Work to complete » Retype, with no pictures, each line from the one that holds "Devanro Coats Men-1" through the last line of the entries below, both included.

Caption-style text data
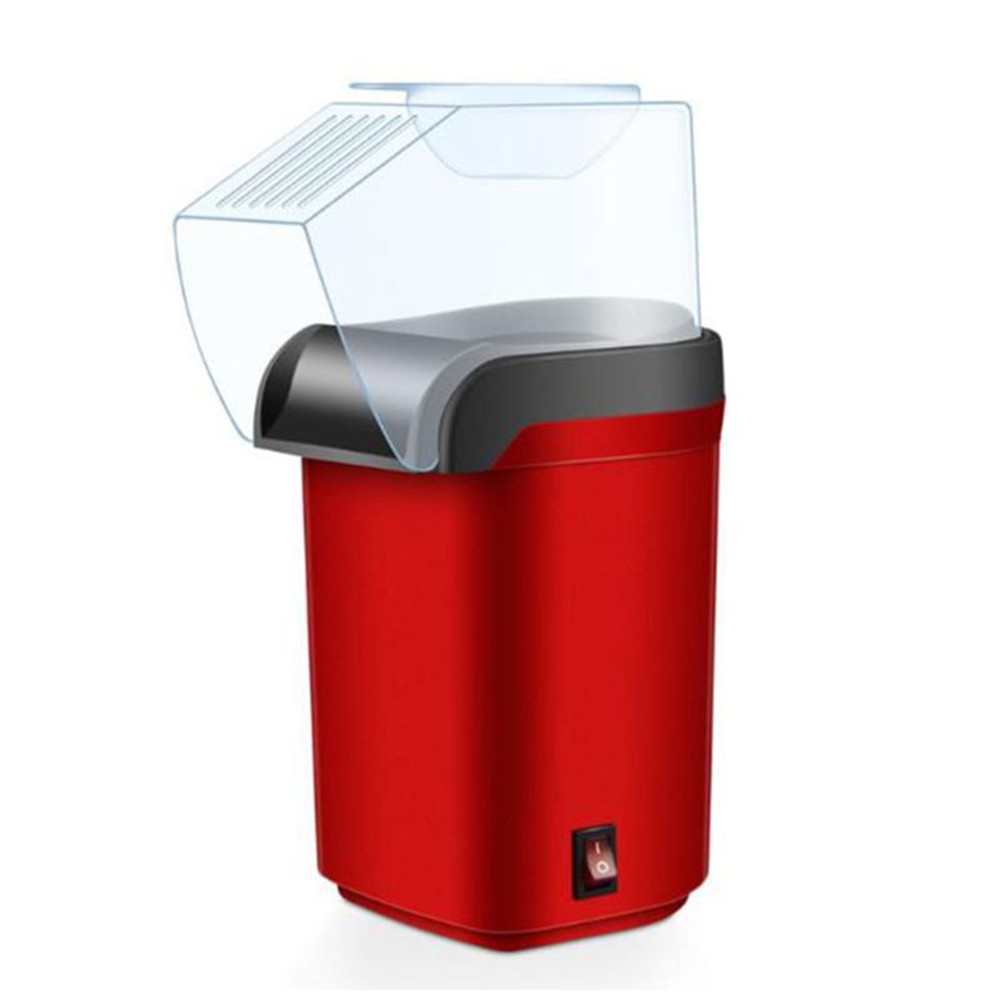 Mini Popcorn Machine, 1200W Home Electric Popcorn Machine, 3 Min Fast Popping, Great Air Popcorn Machine for Home Party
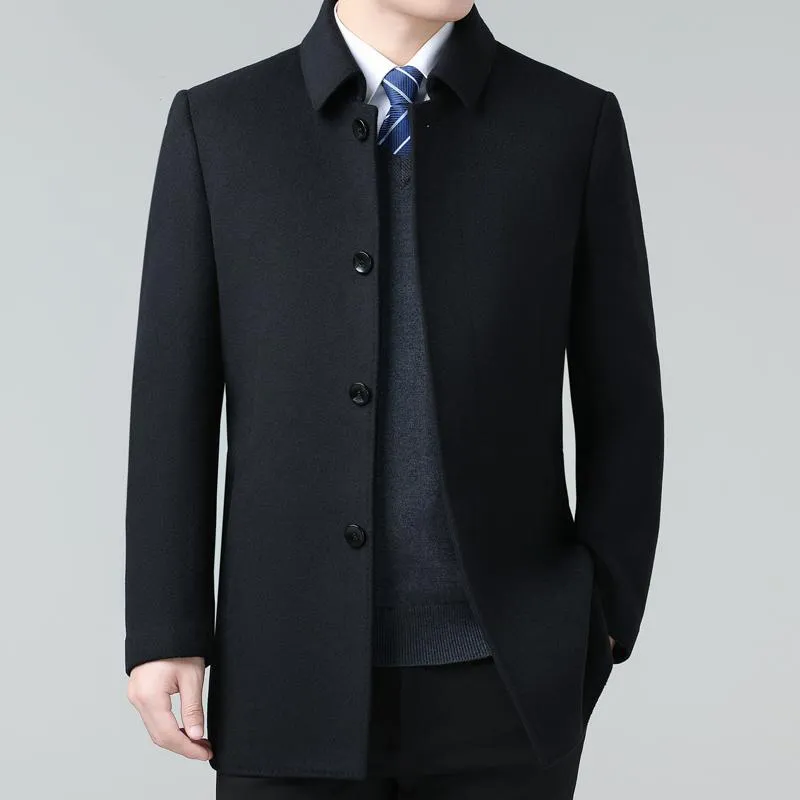 Devanro Coats Men-1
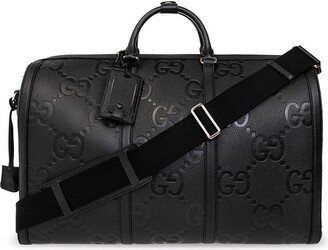 Jumbo GG Zip-Up Large Duffel Bag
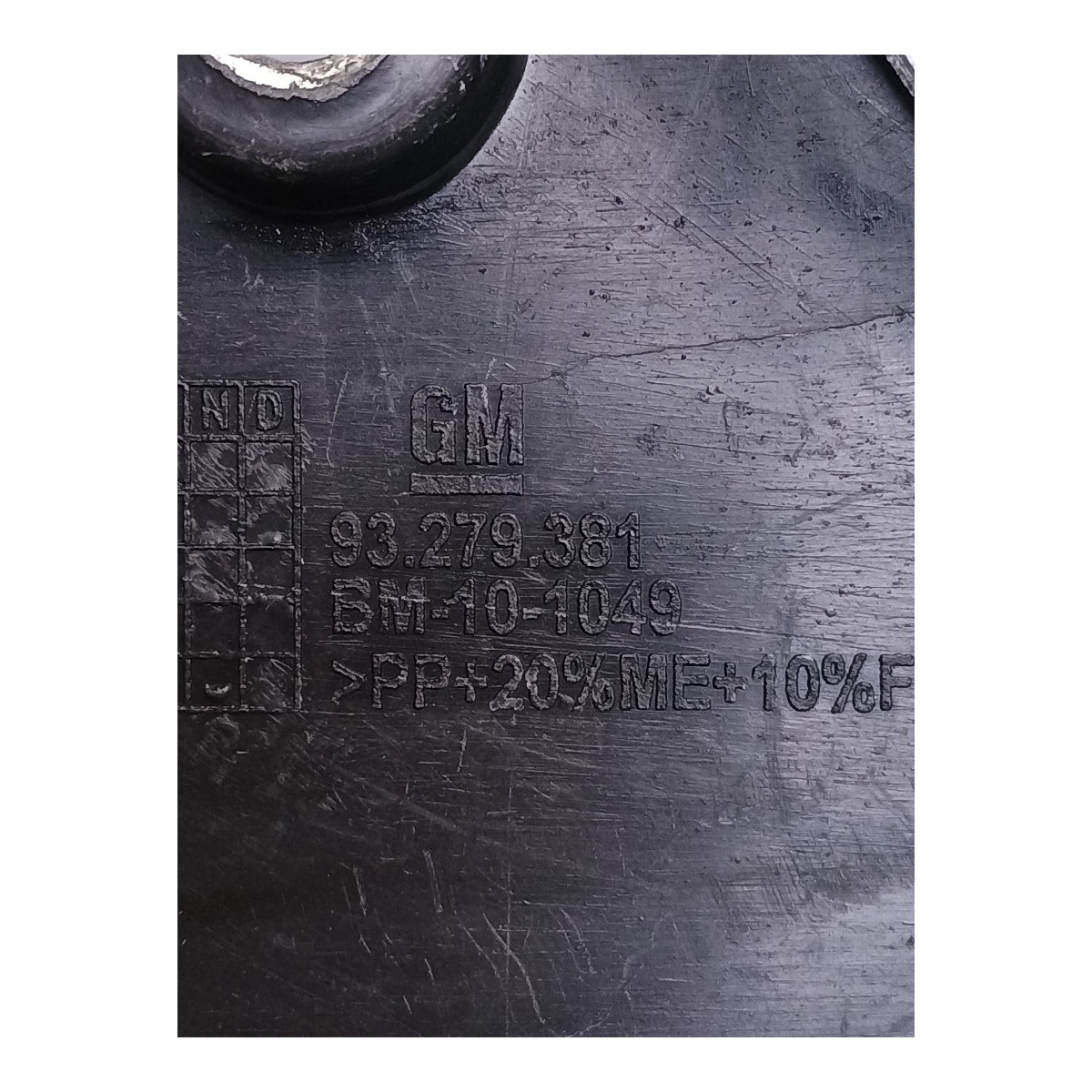 Capa Correia Dentada Superior Gm Corsa 1995 A 2013 C/detalhe 8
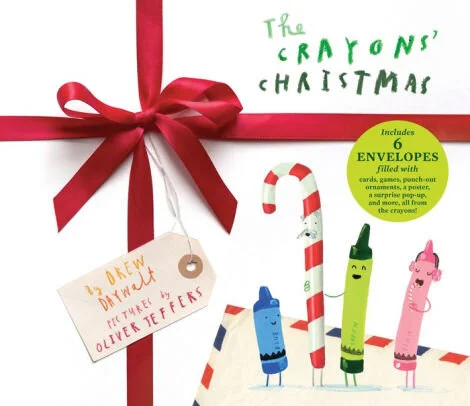 The Crayons Christmas by Drew Daywalt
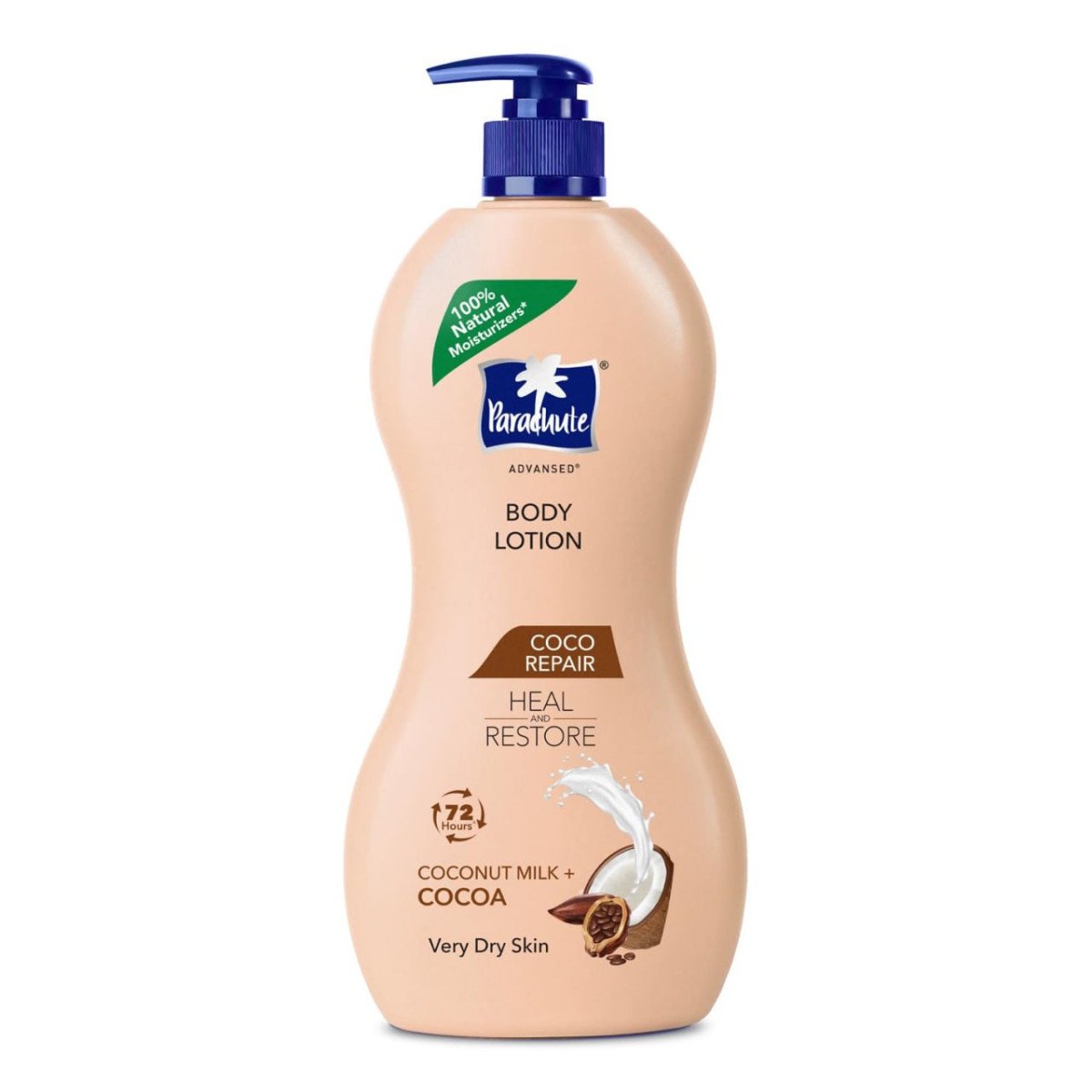 Parachute Advansed Cocoa Repair Body Lotion Intense Moisture 600ml 225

Exercise solution »
 Devanro Coats Men-1
 Jumbo GG Zip-Up Large Duffel Bag
 Capa Correia Dentada Superior Gm Corsa 1995 A 2013 C/detalhe 8
 The Crayons Christmas by Drew Daywalt
 Parachute Advansed Cocoa Repair Body Lotion Intense Moisture 600ml 225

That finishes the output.